Church Of St Mary is a Grade II* listed building in the Wiltshire local planning authority area, England. A Medieval Church.
Church Of St Mary
- WRENN ID
- winding-tower-brook
- Grade
- II*
- Local Planning Authority
- Wiltshire
- Country
- England
- Type
- Church
- Period
- Medieval
- Source
- Historic England listing
Description
Church of St Mary, Kingston Deverill
Anglican parish church, primarily 15th century, with substantial restoration undertaken in 1846 by the architects Manners and Gill of Bath. The building is constructed of limestone with rock-facing to the nave and chapel, and roofed in Welsh slate or lead.
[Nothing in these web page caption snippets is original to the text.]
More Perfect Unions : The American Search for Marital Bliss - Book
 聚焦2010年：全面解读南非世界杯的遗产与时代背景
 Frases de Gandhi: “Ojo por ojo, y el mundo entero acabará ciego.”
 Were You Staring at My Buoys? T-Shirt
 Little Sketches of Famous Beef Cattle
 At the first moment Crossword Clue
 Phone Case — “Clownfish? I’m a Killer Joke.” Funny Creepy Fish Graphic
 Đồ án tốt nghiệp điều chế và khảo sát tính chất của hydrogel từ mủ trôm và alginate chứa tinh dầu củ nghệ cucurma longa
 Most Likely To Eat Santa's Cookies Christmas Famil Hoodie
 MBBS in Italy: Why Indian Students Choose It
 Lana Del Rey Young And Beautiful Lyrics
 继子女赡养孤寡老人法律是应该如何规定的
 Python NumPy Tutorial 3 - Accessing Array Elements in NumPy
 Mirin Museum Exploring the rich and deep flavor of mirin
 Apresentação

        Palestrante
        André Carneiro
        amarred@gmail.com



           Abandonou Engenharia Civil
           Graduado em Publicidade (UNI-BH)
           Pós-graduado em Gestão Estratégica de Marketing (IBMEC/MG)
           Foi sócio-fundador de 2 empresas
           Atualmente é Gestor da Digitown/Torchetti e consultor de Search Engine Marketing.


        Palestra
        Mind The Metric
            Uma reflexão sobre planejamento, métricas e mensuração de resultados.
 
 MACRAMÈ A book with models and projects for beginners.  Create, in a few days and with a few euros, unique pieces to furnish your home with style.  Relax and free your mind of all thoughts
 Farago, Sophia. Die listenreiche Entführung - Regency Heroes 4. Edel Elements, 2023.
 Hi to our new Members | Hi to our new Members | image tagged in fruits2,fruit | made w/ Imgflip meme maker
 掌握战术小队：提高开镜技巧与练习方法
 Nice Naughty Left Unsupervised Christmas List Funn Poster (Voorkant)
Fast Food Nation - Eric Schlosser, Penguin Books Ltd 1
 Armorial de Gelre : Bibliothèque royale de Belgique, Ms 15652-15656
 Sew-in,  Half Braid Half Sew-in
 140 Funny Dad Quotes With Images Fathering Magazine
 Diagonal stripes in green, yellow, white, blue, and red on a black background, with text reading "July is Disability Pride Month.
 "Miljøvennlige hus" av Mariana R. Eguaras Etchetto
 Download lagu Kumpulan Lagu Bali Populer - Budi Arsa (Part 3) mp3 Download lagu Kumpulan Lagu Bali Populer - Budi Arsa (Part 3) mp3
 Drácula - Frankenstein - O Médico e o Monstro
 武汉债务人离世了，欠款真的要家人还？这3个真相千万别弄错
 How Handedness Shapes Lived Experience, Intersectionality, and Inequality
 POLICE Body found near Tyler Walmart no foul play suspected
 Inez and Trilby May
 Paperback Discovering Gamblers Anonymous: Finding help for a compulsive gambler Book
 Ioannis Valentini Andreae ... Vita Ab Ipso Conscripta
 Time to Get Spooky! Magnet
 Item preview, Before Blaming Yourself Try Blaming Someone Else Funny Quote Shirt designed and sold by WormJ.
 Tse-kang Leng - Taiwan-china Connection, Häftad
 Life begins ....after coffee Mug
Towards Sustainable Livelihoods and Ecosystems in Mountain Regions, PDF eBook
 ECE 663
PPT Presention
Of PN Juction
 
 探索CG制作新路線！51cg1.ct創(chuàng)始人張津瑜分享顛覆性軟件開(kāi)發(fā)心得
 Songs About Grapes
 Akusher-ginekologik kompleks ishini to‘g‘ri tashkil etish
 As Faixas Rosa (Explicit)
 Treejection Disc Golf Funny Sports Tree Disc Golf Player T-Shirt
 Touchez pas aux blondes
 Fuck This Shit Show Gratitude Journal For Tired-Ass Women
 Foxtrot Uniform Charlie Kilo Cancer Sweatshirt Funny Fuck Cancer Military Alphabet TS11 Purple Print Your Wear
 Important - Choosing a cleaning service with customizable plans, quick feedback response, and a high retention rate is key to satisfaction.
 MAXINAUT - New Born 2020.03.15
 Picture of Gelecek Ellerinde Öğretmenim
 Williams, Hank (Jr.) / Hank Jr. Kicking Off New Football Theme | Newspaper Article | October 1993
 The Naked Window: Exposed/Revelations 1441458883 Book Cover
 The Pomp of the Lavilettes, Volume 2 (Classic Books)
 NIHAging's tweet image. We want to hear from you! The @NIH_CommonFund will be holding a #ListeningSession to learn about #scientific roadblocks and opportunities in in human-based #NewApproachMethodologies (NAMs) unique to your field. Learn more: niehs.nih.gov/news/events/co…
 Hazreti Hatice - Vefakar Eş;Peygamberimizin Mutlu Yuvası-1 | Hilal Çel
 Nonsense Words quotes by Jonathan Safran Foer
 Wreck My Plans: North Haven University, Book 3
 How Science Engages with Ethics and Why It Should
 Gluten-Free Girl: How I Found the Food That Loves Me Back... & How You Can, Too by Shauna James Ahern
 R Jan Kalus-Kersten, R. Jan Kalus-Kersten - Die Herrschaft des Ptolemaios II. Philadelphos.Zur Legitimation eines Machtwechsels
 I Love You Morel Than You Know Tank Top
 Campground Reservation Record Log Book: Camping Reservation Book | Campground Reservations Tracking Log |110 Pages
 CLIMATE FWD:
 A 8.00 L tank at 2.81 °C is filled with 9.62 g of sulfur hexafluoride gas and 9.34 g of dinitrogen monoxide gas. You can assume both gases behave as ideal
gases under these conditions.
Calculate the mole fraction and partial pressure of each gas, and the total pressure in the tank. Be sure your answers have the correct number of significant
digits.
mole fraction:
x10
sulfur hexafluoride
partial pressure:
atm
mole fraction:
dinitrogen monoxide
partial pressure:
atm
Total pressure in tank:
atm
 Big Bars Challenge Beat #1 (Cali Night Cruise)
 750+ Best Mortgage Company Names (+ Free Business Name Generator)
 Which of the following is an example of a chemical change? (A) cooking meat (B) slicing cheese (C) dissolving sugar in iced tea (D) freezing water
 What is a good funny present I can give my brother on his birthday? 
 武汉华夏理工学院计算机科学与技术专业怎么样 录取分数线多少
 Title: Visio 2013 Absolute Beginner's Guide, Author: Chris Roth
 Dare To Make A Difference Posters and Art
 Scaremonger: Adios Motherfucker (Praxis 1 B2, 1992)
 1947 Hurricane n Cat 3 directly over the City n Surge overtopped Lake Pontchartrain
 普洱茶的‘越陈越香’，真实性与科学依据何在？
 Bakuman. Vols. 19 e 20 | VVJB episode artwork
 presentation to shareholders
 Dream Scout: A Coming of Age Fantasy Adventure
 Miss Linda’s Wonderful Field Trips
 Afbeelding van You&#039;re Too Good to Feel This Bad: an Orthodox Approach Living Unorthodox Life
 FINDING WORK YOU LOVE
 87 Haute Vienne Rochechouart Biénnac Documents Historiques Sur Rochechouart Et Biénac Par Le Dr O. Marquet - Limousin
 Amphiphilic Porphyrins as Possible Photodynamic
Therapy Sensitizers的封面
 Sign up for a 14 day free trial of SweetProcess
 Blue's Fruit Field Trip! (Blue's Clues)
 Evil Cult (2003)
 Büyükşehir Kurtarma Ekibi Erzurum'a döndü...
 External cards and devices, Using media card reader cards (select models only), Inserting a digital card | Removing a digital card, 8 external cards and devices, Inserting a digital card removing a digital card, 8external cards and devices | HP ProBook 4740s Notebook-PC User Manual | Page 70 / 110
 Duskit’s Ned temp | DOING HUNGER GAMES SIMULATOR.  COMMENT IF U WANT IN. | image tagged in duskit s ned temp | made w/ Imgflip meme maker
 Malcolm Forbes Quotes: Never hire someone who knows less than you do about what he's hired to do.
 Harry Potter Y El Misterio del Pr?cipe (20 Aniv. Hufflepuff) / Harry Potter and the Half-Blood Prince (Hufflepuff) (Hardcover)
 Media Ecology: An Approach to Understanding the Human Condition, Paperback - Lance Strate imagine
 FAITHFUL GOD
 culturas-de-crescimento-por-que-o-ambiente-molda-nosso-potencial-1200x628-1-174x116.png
The church comprises a nave, south chapel (now serving as an organ chamber), chancel, and central tower, with a south porch. The gabled porch features diagonal buttresses and a coped verge, with a pointed archway displaying ogee cusping and shafts topped by foliated capitals. The nave contains two-light pointed geometric-style windows to left and right, a corbel table with foliated corbels, and a plain blocking course. The rebuilt south chapel has two three-light pointed geometric-style windows with hoodmoulds, matching the corbel table and blocking course of the nave.
The three-stage central tower is buttressed with offsets. Its first stage contains a two-light geometric-style window, the second stage a trefoil-headed window, and the bell-stage features a string course with a two-light Perpendicular window adorned with decorative pierced louvres and a moulded string course incorporating well-carved gargoyles. A square stair turret on the north side of the tower has a chamfered doorway and loopholes, topped by a low broach spire with roll moulding.
The chancel is fitted with two 19th-century cusped lancets with hoodmoulds on the south side. The east end has diagonal buttresses, a large three-light geometric-style window, and a gable enriched with ballflower ornament. The north side contains a cusped lancet, a pointed planked door with strap hinges set within a cusped arch with attached shafts, and a foliated frieze of open trefoils to the blocking course. The north side of the nave holds one two-light geometric-style window to the left of a pointed doorway leading to the vestry, and three to the right, with matching blocking course to the south. The west end displays diagonal buttresses and a fine four-light geometric-style window.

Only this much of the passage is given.